How ‘bout a novel idea: They agree to stop their lawsuit and work collaboratively with people to be solution-makers. I think truly if the Iowa spirit exists on wanting to work with your neighbors, you got everyone’s attention by filing the lawsuit. Why not drop the lawsuit — they can always restart it — and say, why don’t we work together hard for the next couple of years and try to figure out this out? And let’s make real progress. That would be better than just continuing the lawsuit and asking people to work collaboratively because you are holding a hammer over their head. 

Has Stowe set the discussion back? 

I don’t know about that. But you have people focused on the wrong thing when you sue. They aren’t focused on solving problems; they are focused on winning a lawsuit. 

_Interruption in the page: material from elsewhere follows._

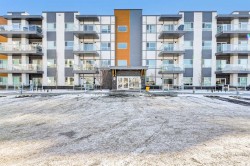322-360 Harvest Hills Way NE Calgary, AB T3K 2S1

Des Moines Water Works has a consultant determining the cost of a proposed nitrate-removal plant to replace the current one, which is decades old. The initial estimates were $80 million to $180 million. Stowe thinks if the state or farm interests paid for the plant, he might consider a settlement. Your thoughts?

Why should they have to? Why should rural Iowans have to pay for Des Moines Water Works’ new plant? Those people are farming the ground, evolving with the new technology to help lessen the nitrate, in the best possible way they can, because nutrients are expensive. They aren’t putting them on to waste them and to send them down the river. I think it’s a false premise to think these people should pay for the Des Moines Water Works when they are already paying to make improvements. That nitrogen costs them dollars and the phosphorus does, so they are trying to limit the use of those and the cost of those, using the best science and technology that’s available. So the issue is, how do we develop more science and technology and help farmers use those? And how do we get them to use cover crops, which is complicated in Iowa because if we don’t get rain in the fall you can’t get that cover crop going? The Water Works also should not be treating water that is (used for irrigation).

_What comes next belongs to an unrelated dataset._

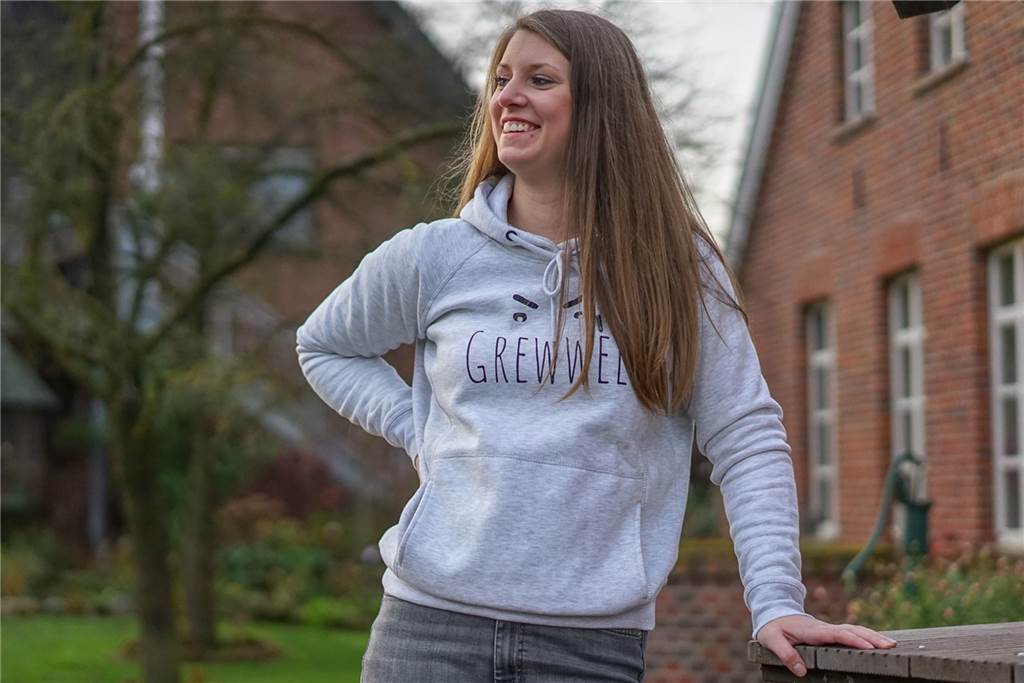 Kleidung für Lokalpatrioten wie Däömerske Schäöpkes und Kirmeskinder „Grewwel“ steht auf dieser Variante des Pullovers.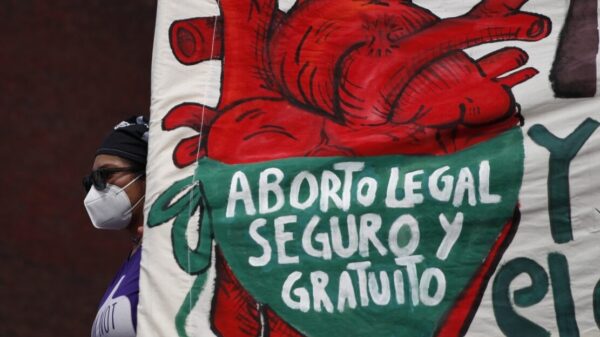Despenalización del aborto aplicará en todo el país, ordena la Corte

Ultimately, the farmers cannot control Mother Nature. Iowa can get better environmentally. I really believe that. There should be more filter strips. There should be more grassed waterways. And there should be more cover crops. And there should be more technology so you can have multiple applications of nutrients. 

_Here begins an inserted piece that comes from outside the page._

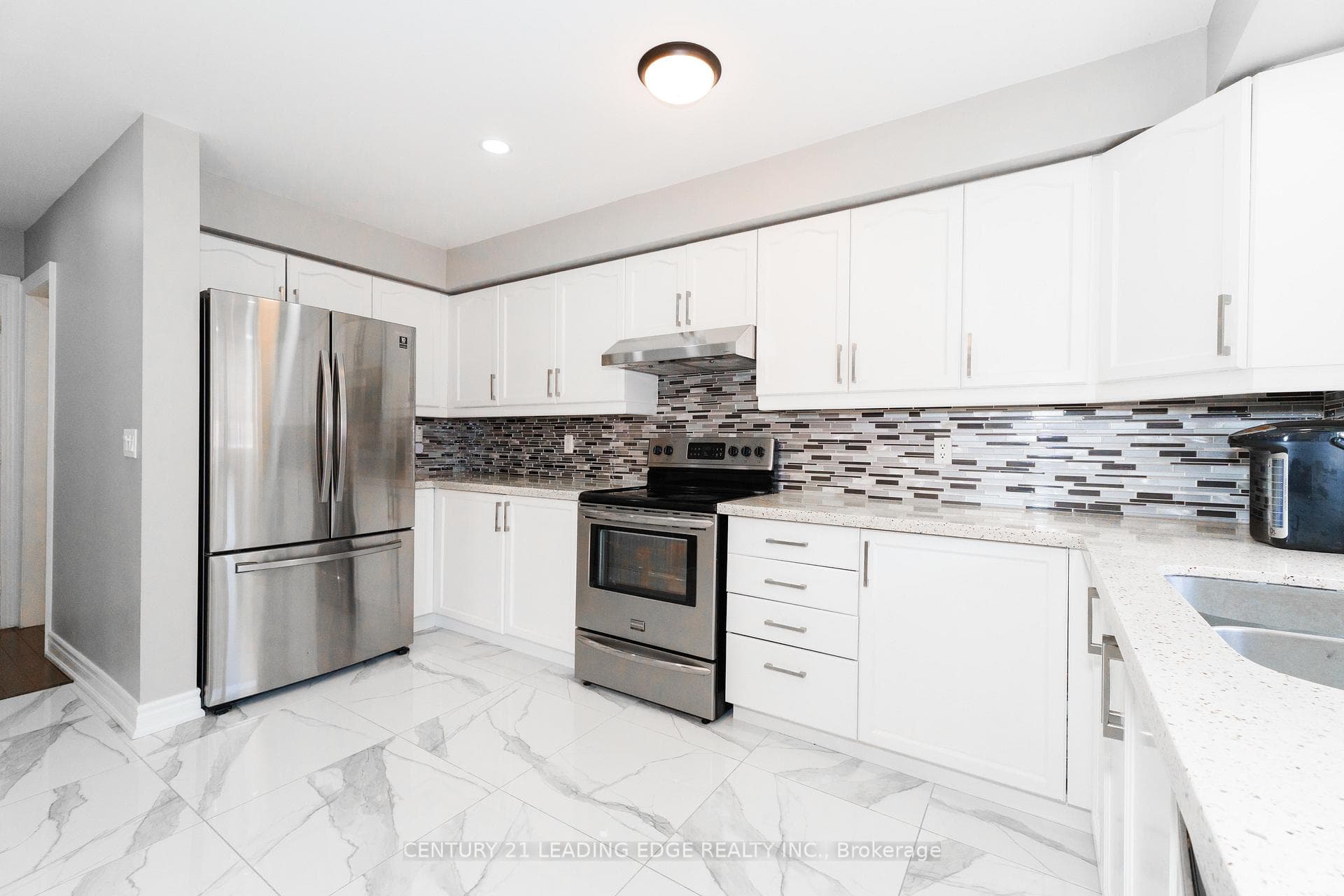 628 Staines Road photo 7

But should farmers pay for a growing Des Moines population that extracts more water for a larger water works, that is pulling the water out of the river rather than from deep wells? I would suggest that there ought to be a healthy debate on that.

Raster calls for faster transfer of intellectual property: should ISU move to downtown Des Moines?

What trends in innovation do you see at the universities?

We’ve got to find ways to be more entrepreneurial, more innovative and cut the time frame on taking the intellectual property and serving the needs of society and working with private companies because of the lack of government research dollars to drive that. That’s why the Research Triangle in North Carolina came into existence. 

The vision of how we create the Cultivation Corridor and convert that intellectual property quicker into actual technology and companies that create high-quality jobs for students who graduate in this state is important. If we are going to do almost $1 billion of research, just what are we creating with that? 

Should Iowa State move to downtown Des Moines, as Bruce Katz, co-director of the Brookings Institution’s Metropolitan Policy Program, suggested?

(Laughs) I think that is where Des Moines will benefit from a regents center. That will be a real positive. But great research institutions have dynamic research parks next to them. So the development of that at the University of Iowa and Iowa State is really important long term. 
And doing that right next to them so students can have that experience. 

Beer at the stadiums

Who decides if we have beer at the stadiums (at all concession stands)?

I believe it’s within the universities. I would guess they would probably bring that to the regents, but that is within their purview, not ours.

Are we heading that way?

That one I will let the athletic departments wade into politically. I think we will wait and see what their recommendation would be.